» **What the task asks**: Retype all data exactly as given. Pictures should not be retyped.

» **Input data**:
┄┄┄┄┄┄┄┄┄┄┄┄┄┄┄┄┄┄┄┄

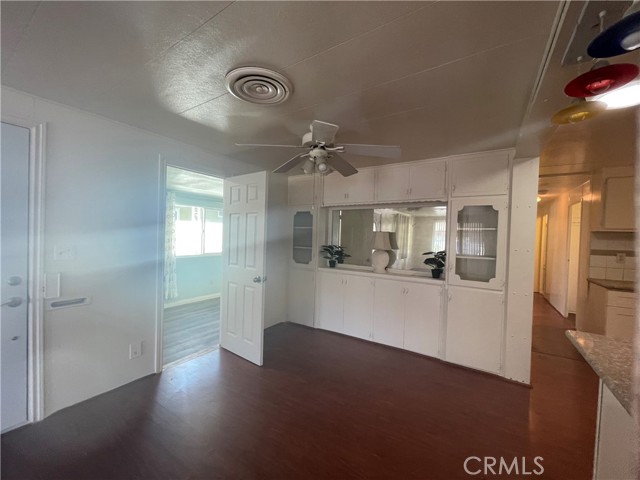 Detail Gallery Image 8 of 41 For 12220 5th #146,  Yucaipa,  CA 92399 - 3 Beds | 3 Baths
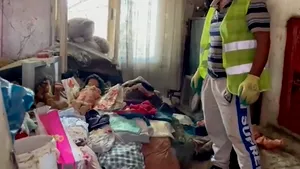 Igienizare masivă după „doi ani de miros greu, pestilenţial”: 38 de metri cubi de gunoi, adunaţi dintr-un apartament din Bucureşti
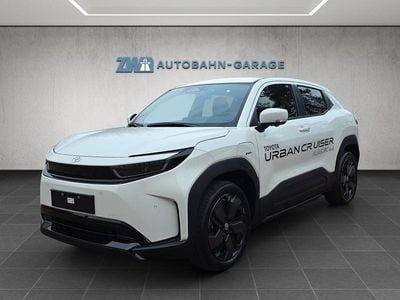 Weiss Neu 2025 Toyota Urban Cruiser Premium SUV | CHF 38’900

┄┄┄┄┄┄┄┄┄┄┄┄┄┄┄┄┄┄┄┄

» **Result for this task**:
 Detail Gallery Image 8 of 41 For 12220 5th #146,  Yucaipa,  CA 92399 - 3 Beds | 3 Baths
 Igienizare masivă după „doi ani de miros greu, pestilenţial”: 38 de metri cubi de gunoi, adunaţi dintr-un apartament din Bucureşti
 Weiss Neu 2025 Toyota Urban Cruiser Premium SUV | CHF 38’900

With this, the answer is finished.